Le schiere dei pagani si aprivano dinnanzi a noi come acque davanti a Mosé, ed io correvo sicuro verso la mia meta, anch'essa indicata da Iddio, usando questa volta come strumento Antonio Maria Accobelli, che si era reso conto che i molti morti presenti nel campo (a partire dai cani bicefali, chiaramente dei Feros) erano controllati da un solo uomo, con l'aiuto di un medaglione. Ebbene, con un colpo preciso e guidato dall'Altissimo( più che altro dal tarocco del Carro,ndr), aveva ucciso il portatore dell'oggetto maledetto: in quel preciso momento, nel campo pagano si era scatenato l'inferno (chiaramente figura di quello eterno, che attenderà quelle anime prave, dedite al blasfemo Minosse ed ai suoi culti): i morti si erano rivoltati contro i vivi e, com'è nella loro natura, bramavano la carne di ogni essere umano la cui anima non ha ancora lasciato il corpo.

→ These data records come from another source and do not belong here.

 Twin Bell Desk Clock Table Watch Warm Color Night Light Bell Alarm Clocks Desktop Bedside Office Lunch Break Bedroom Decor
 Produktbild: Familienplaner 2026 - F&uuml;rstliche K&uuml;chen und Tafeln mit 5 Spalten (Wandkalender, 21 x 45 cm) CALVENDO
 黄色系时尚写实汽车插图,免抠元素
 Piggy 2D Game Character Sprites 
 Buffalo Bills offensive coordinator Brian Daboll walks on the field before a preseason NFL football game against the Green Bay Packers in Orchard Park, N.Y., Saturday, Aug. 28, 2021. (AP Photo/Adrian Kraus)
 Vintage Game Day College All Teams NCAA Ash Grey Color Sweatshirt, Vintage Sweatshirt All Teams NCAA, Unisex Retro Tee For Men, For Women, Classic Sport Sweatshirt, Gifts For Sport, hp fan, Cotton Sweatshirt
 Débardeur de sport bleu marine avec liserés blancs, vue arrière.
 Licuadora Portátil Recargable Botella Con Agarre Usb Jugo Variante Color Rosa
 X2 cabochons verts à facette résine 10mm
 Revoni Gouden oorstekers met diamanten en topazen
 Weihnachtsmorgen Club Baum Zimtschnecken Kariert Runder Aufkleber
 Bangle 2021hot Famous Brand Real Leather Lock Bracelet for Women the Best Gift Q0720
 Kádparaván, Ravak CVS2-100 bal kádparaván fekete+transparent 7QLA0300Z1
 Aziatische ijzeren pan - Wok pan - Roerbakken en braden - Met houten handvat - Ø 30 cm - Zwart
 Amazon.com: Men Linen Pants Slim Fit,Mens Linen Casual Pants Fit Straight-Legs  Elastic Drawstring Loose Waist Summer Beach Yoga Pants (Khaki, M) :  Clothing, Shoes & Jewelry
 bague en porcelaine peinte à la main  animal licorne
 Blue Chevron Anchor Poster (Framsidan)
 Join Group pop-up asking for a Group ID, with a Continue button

Così, io e Fratello Ruggero ci eravamo lanciati nella mischia: con le nostre parole di Fede, con il nostro coraggio, e soprattutto con la forza infusa dalla vista del Santo Segno che recavo meco, incitammo gli Ospitalieri imprigionati alla lotta, a liberarsi, a lottare contro i carcerieri per guadagnare la libertà. Pieni di Speranza e Fede, avrebbero voluto affrontare a mani nude i morti ed i nemici, ma noi consigliammo loro la ritirata: ci sarebbe stato modo e tempo per una piena vendetta. Noi continuammo: dovevamo recuperare il medaglione, prima che qualcuno dei pagani potesse trovarlo e riprendere il controllo sui morti. Provò ad impedircelo un “Titano” - come i blasfemi chiamano un mostruoso colosso formato da pezzi di innumerevoli cadaveri - , ma quando lanciai un lungo anatema contro di lui (restando immobile per una ventina di secondi, per il check di terrore fallito, ndr), l'essere cominciò ad esplodere a partire dalla testa, ed anche Ruggero diede il suo contributo di danno con la sua possente spada, pur subendo lievi ferite. Ci si parò davanti un cane bicefalo, ma lo infilzai con il mio Sacro stocco, ed il Signore lo fece saltare in aria in pezzi.
Vidi il cadavere di colui che aveva controllato i morti: stava già agitandosi, ma riuscii a strappargli il medaglione. Un attimo dopo, Ruggero lo tagliava in due con un colpo di spada.
Ci ritirammo: che morti e pagani (e quindi morti agli occhi di Dio) si scannassero fra di loro.